By Katrina Olson
The Federal Reserve’s Beige Book report released on September 7 said the U.S. economy expanded at a “modest pace on balance” in July and August, although “activity slowed” in some parts of the country.
Some sources are calling this a Goldilocks Economy—growth isn’t too hot, causing inflation, nor too cold, creating a recession. Other sources claim the U.S. is on the brink of economic collapse.
Economic uncertainty always accompanies a presidential election. Boards and CEOs get nervous—and often, the first department to get cut is marketing. That’s why it’s important to continue finding new, more efficient ways to support the company’s sales goals…like public relations (PR).
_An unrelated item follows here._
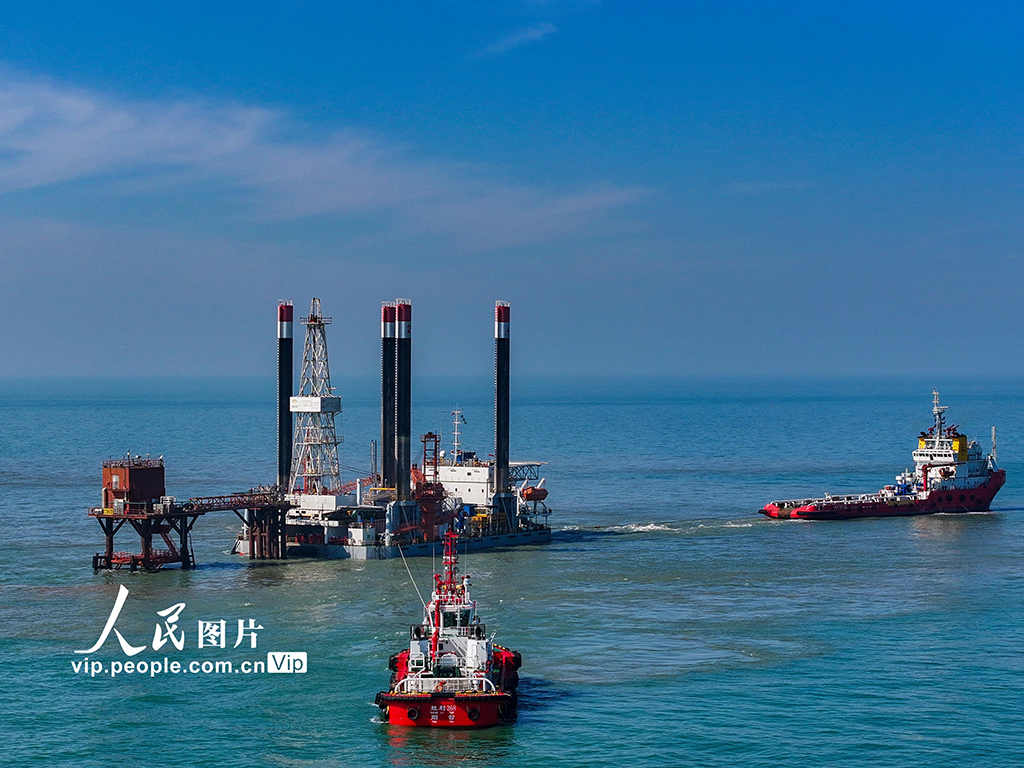山東東營：海上油田生產【3】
PR can help promote your brand at much lower costs than advertising or other forms of marketing. There are still costs associated with PR, but you get a lot more bang for your buck and the effects are often longer lasting. That’s because PR works on several levels:
- It keeps the company in the public eye, thus supporting sales.
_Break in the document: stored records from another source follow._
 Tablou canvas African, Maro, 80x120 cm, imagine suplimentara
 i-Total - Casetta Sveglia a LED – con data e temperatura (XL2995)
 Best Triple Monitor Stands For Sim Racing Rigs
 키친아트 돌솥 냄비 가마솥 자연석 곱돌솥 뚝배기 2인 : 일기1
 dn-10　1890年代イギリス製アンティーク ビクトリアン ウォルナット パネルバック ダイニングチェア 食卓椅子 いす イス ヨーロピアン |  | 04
- It can develop a positive attitude toward your company or product by informing and educating current and potential customers about your worthwhile activities.
- It can create a supportive and welcoming attitude among your publics, which may help recruit and retain staff and support the company’s objectives.
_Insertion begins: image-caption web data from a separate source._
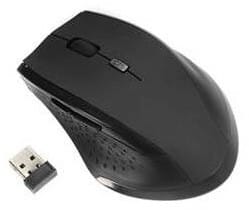 Souris sans fil noire ergonomique UPTEC - USB (4111132)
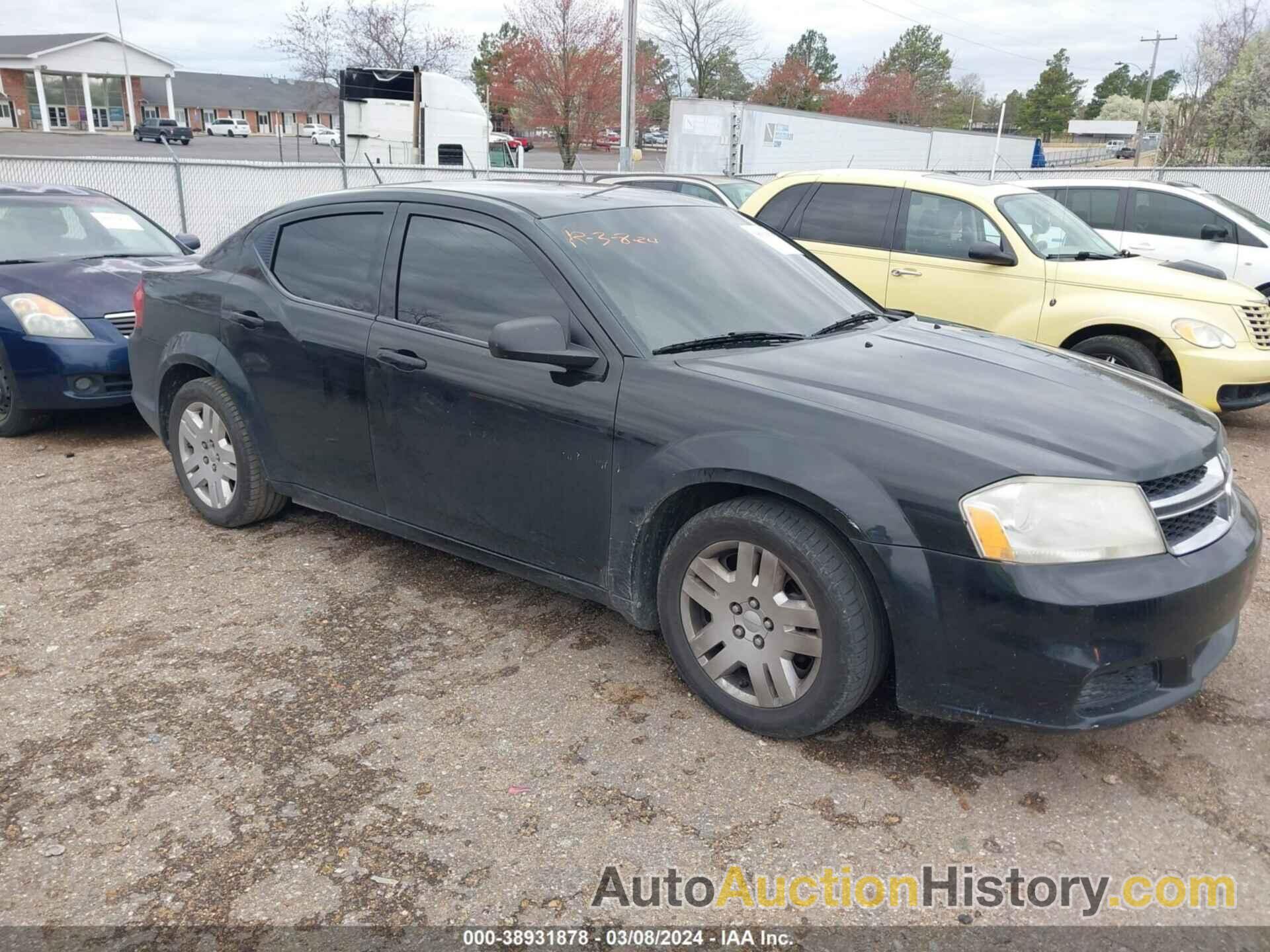 DODGE AVENGER SE, 1C3CDZAB0DN650742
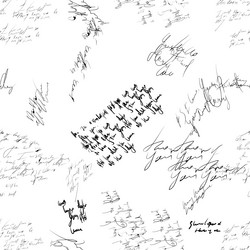 seamless pattern of handwritten text on a white vector image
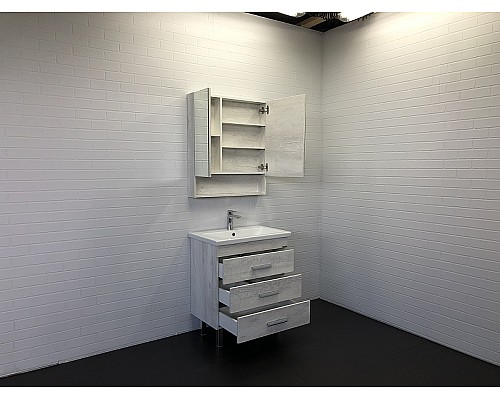 Тумба с раковиной Comforty Никосия 70Н 00-00005793 Дуб белый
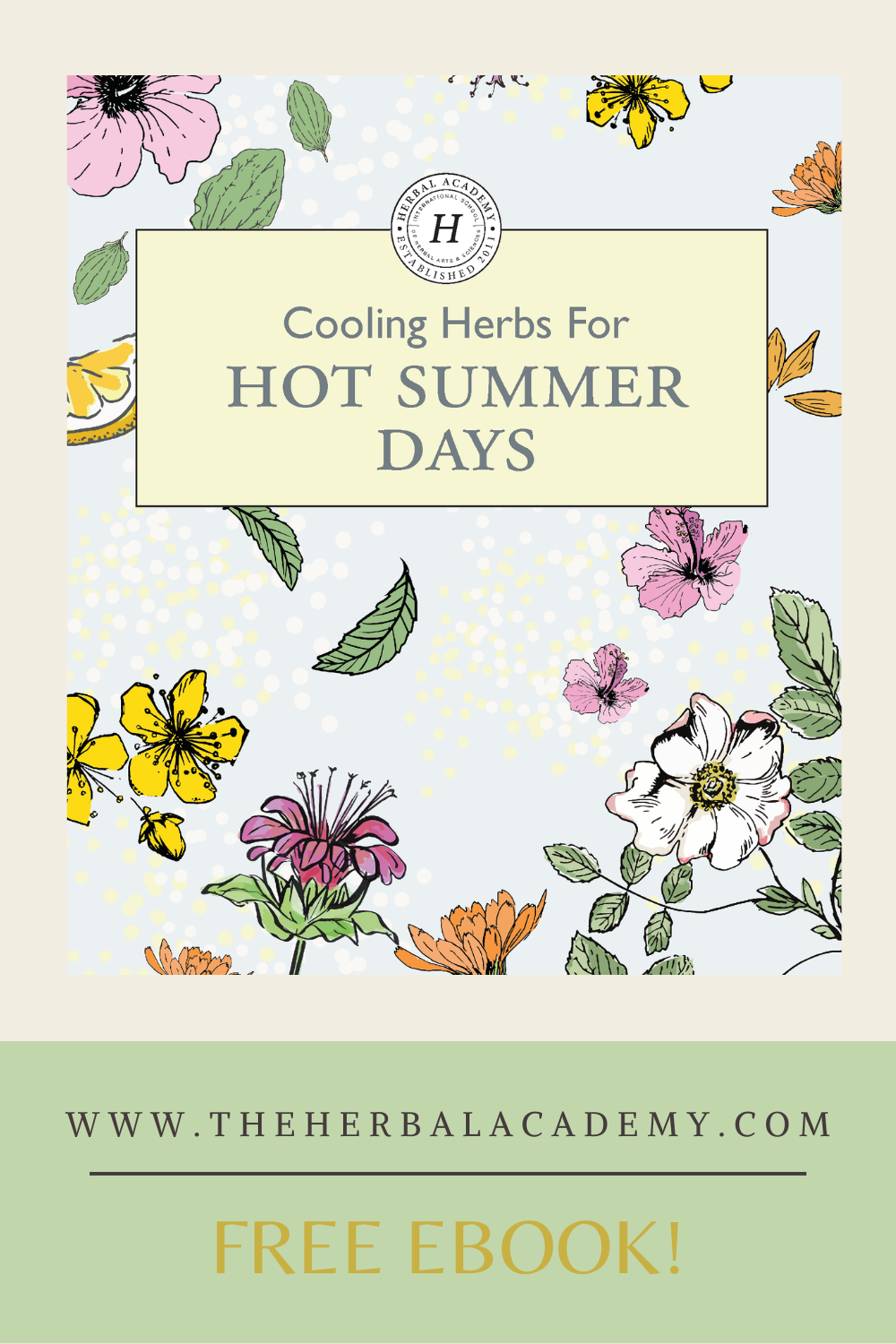 New eBook! Cooling Herbs for Hot Summer Days | Herbal Academy | Herbal Academy's free ebook features plant monographs and simple recipes for seven of the most widely available, cooling herbs of summer.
- It can inform the public and create publicity for new and innovative products.
I just submitted an article for tED magazine’s November issue about how PR can support the marketing effort. You’ll read about several electrical distributors and manufacturers who have successfully used PR to promote their brands, products and services. But what you won’t find in that article are these 10 ideas for promoting your company with PR:
- Hand out or mail product samples to potential customers.
- Distribute a print or digital newsletter that provides useful information but also highlights new or innovative products.
- Host customer appreciation events and display or demonstrate products.
- Sponsor a competition. For example, have customers compete for the best time using the company’s product to perform a job task.
- Send press releases to trade media announcing a truly unique product, service or company initiative.
- Write and distribute case studies about how the company’s products were used in a noteworthy project such as stadium, skyscraper or mall.
- Celebrate an anniversary or other company milestone by donating product to an established, well-respected charity.
- Create a community program to encourage sustainability, energy savings, or another trending issue about which the company is knowledgeable.
- Create an educational curriculum for schools that relates to your business or products. Send a company representative to teach a class or demonstrate how electricity works, for example.
- Sponsor a contest or fundraiser for school children that ties in with the company’s products.
To learn more, start by reading “The Fall of Advertising and the Rise of PR” by Al and Laura Ries. It’s a few years old, but a great introduction to PR as a brand builder.
Then, as you’re working on your 2017 marketing plan, consider adding some PR initiatives, activities and efforts that allow you to engage, educate, inform and persuade your existing and potential customers.